The normal use for these relationships is to prevent being flooded with events. I can not see such a mechanism in Pandora so would like to propose the following as an enhancement request. I would do it myself but it involves changing the database schema so I thought I’d float it here first.
I appreciate that what I am proposing might not suit everyone so would appreciate bounding the idea around a bit first.
Phase 1. – Establishing relationships between alerts on the same agent.
Every alert is assigned a priority. If when checking the monitors, if an alert is going to fire, check to see whether any higher priority alerts are already in the ‘fired’ state for that agent. If so, don’t perform the alert action but set the alert to fired.Say I have a ‘icmp_proc’, some ‘snmp_inc’s and a couple of ‘tcp_proc’ modules associated with an agent, and I make the icmp alert the highest priority and the alerts for the others all lower. If the agent is down, the icmp_proc alert will fire and I will get told about it. However, the others will also all fire as the agent is down, but I already know that so I don’t need the alerts telling me so.
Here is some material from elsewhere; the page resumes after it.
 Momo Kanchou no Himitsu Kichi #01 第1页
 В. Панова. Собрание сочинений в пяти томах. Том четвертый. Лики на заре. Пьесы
I haven’t thought through what to do with the recovery end but an idea would be that when an alert ceases, it also ceases all lower priority ones for the same agent and does not send the emails. If any module is still in a fault state, its alert will fire again shortly when the next test is done.
Phase 2 – establishing relationships between agents.
This one can get a bit tricky but I like the nagios approach of establishing trees i.e. each agent can have a parent. The idea here is similar to that in phase 1, but exactly how to use it, I am still thinking about. The idea though is to prevent getting alerts for agents that have a common root. i.e. if a router is down, then all the network based alerts for things on the other side of it are going to fire. I don’t want to get hundreds of alerts when I know the router is down.Anyway, I would be interested in what opinions others might have.